**STUDY MATERIAL:**
------------------------------------------------------------

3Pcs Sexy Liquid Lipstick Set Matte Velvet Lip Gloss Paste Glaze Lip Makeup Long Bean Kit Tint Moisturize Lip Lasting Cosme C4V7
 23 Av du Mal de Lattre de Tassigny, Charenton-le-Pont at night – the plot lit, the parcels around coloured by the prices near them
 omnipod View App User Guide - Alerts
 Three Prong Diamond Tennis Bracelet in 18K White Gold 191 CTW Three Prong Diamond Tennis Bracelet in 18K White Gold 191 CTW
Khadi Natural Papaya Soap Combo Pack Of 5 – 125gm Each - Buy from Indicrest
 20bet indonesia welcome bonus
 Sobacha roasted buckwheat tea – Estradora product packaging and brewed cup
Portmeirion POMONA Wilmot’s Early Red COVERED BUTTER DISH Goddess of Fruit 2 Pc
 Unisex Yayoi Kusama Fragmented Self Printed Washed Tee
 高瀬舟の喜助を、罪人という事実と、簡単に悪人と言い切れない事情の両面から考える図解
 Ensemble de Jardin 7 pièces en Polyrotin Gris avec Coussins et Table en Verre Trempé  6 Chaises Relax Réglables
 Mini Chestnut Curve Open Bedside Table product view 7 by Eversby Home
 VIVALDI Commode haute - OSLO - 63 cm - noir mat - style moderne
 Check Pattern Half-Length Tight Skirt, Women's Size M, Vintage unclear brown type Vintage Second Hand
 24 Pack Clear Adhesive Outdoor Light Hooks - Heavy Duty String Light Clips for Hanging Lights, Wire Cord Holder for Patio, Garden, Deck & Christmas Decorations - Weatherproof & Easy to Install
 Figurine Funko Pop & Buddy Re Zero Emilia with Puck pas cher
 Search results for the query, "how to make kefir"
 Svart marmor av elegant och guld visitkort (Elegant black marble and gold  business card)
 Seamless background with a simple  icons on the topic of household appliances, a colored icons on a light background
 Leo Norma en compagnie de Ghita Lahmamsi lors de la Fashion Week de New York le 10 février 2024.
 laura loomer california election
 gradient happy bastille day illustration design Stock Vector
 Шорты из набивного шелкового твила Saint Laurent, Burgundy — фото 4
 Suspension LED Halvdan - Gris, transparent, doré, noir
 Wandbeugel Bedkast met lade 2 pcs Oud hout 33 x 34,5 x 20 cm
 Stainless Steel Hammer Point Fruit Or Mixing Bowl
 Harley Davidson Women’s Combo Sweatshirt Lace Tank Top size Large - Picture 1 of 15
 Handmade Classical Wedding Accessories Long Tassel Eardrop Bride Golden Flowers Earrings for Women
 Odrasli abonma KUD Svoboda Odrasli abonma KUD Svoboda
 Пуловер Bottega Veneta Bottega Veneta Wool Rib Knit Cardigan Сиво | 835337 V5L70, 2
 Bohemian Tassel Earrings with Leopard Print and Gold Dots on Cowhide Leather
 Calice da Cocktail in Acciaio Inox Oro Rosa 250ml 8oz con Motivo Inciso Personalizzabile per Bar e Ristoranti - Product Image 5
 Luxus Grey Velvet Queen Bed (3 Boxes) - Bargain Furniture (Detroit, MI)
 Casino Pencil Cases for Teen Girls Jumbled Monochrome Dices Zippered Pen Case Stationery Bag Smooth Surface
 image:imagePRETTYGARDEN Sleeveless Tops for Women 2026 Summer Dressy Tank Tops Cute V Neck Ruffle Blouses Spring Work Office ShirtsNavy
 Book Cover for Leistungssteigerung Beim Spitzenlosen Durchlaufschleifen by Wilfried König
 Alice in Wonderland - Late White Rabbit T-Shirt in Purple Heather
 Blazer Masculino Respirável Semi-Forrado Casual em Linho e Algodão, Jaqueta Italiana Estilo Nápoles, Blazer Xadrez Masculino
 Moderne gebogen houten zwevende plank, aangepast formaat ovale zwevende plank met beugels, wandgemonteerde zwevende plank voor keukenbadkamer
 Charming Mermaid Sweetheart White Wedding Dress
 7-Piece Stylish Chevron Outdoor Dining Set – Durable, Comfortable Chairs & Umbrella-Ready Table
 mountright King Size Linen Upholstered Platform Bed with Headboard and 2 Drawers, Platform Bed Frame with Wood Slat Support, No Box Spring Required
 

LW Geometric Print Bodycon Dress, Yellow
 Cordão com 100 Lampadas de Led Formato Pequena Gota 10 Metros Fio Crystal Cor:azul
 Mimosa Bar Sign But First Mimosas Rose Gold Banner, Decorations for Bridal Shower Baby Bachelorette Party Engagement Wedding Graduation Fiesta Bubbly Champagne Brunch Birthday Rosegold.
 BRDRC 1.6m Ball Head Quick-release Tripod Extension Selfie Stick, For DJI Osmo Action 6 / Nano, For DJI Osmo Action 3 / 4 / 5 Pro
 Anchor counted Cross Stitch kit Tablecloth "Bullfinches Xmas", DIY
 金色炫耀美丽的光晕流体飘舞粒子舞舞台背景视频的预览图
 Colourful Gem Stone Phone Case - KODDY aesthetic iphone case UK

------------------------------------------------------------

The answer must consist of every line above that holds the string "White", copied exactly.

 Three Prong Diamond Tennis Bracelet in 18K White Gold 191 CTW Three Prong Diamond Tennis Bracelet in 18K White Gold 191 CTW
 Alice in Wonderland - Late White Rabbit T-Shirt in Purple Heather
 Charming Mermaid Sweetheart White Wedding Dress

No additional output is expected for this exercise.